JPL, meet PDF.
While NASA's Jet Propulsion Laboratory (JPL) is renowned for piloting rovers on Mars and deploying spacecraft to study planets in the solar system, JPL's latest project is more down-to-earth: assembling the world's largest publicly available archive of PDFs for security research.
PDF files are the most popular form of digital document in the world. And while they might look like scanned copies of paper documents, they are actually collections of text, images, movies and active scripts that aren't as secure as they should be given their ubiquity. To address this concern, JPL has partnered with the nonprofit PDF Association to develop the new archive of files that will help researchers analyze potential threats across a wide library of real PDFs.

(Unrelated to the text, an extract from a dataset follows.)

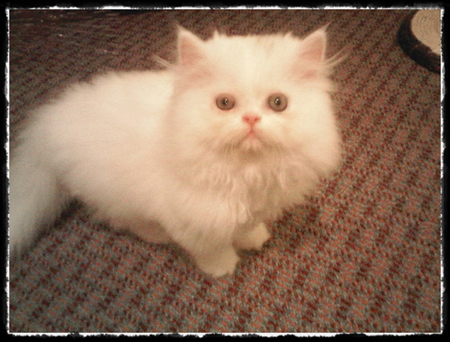 ลูกแมวเปอร์เซียสุขภาพดี สีขาว น่ารัก รูปที่ 1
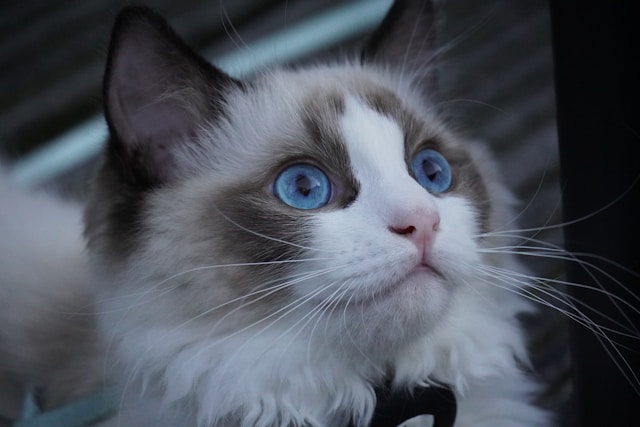 de-5-mest-sociale-katte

The project involves assembling roughly 8 million PDFs totaling more than 8TB of data from various online sources. The effort is a part of a Defense Advanced Research Projects Agency (DARPA) initiative called Safe Documents (SafeDocs), which aims to make digital documents safe from malicious code and other security concerns.
"PDFs are used everywhere and are important for contracts, legal documents, 3D engineering designs, and many other purposes," Tim Allison, a JPL data scientist, said in a statement. "Unfortunately, they are complex and can be compromised to hide malicious code or render different information for different users in a malicious way." To confront these and other challenges from PDFs, a large sample of real-world PDFs needs to be collected from the internet to create a shared, freely available resource for software experts."
Using the freely available Common Crawl public repository of web crawl information as a starting point, JPL researchers identified PDFs to add to the collection, including those that were incomplete due to Common Crawl's download limit of 1 megabyte per downloaded file. JPL then accessed those PDF URLs directly to download the full documents, ensuring a fully representative archive of the types of PDFs accessible on the web.
By making the collection available to the public, JPL hopes researchers will be able to use and analyze the PDFs to identify better ways of securing the information these documents contain.